■ WORK REQUIRED
Please go line by line and repeat the data below exactly, with no images.

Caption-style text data
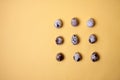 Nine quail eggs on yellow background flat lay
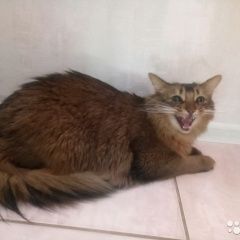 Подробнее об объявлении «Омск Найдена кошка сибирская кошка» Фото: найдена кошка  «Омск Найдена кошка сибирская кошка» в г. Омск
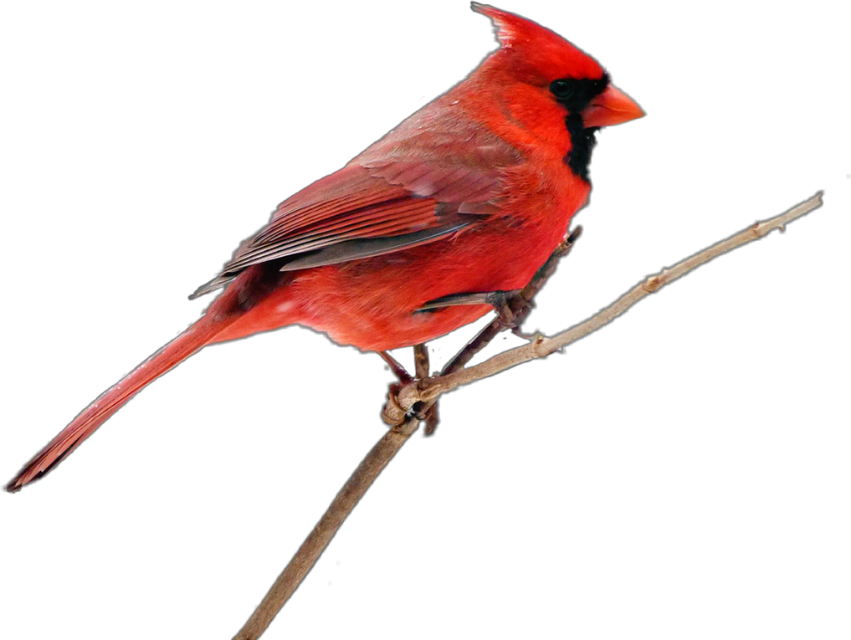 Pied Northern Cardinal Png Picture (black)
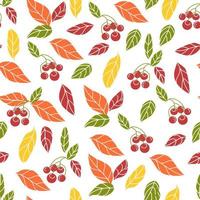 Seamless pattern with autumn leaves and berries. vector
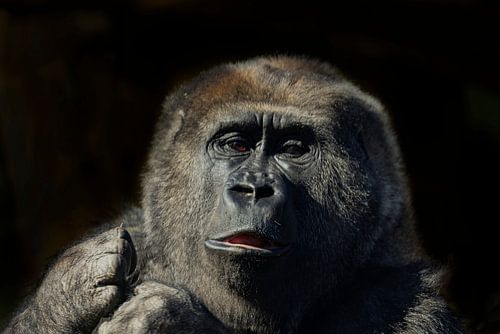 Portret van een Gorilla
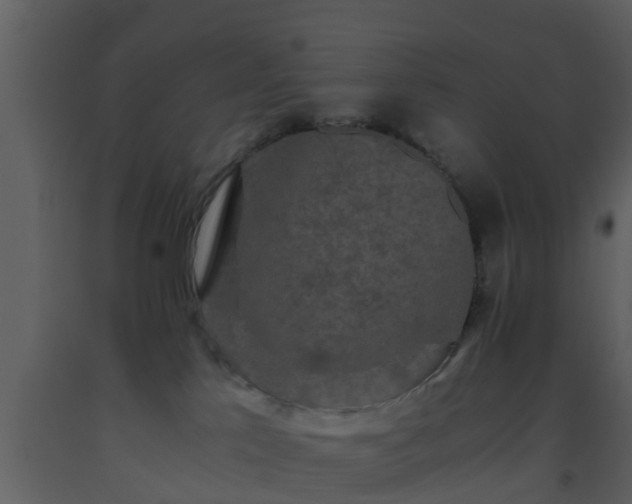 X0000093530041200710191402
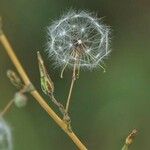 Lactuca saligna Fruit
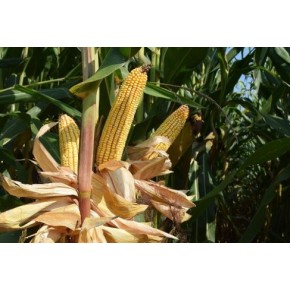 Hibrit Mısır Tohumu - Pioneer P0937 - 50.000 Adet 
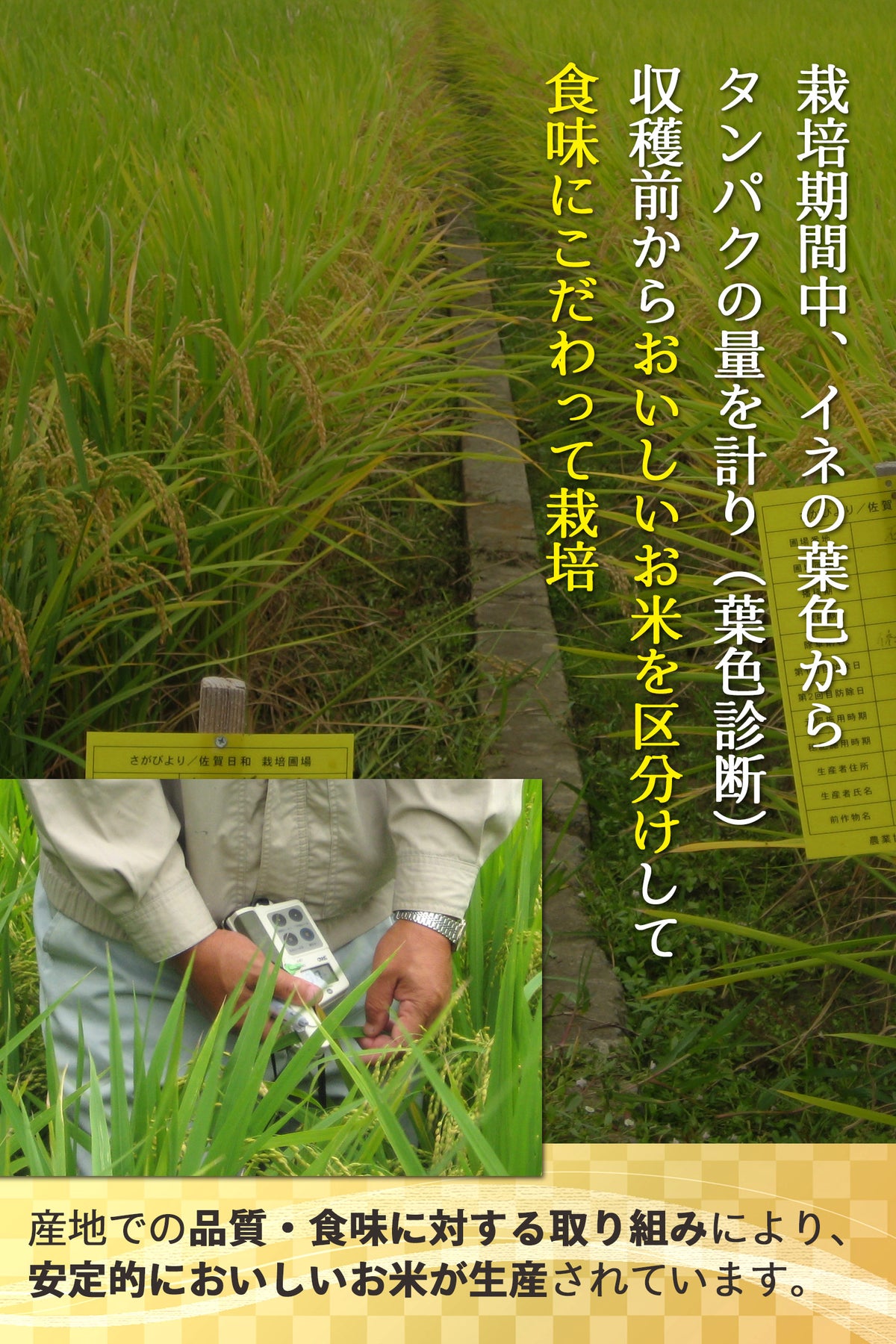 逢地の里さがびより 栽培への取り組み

■ EXERCISE SOLUTION
 Nine quail eggs on yellow background flat lay
 Подробнее об объявлении «Омск Найдена кошка сибирская кошка» Фото: найдена кошка  «Омск Найдена кошка сибирская кошка» в г. Омск
 Pied Northern Cardinal Png Picture (black)
 Seamless pattern with autumn leaves and berries. vector
 Portret van een Gorilla
 X0000093530041200710191402
 Lactuca saligna Fruit
 Hibrit Mısır Tohumu - Pioneer P0937 - 50.000 Adet 
 逢地の里さがびより 栽培への取り組み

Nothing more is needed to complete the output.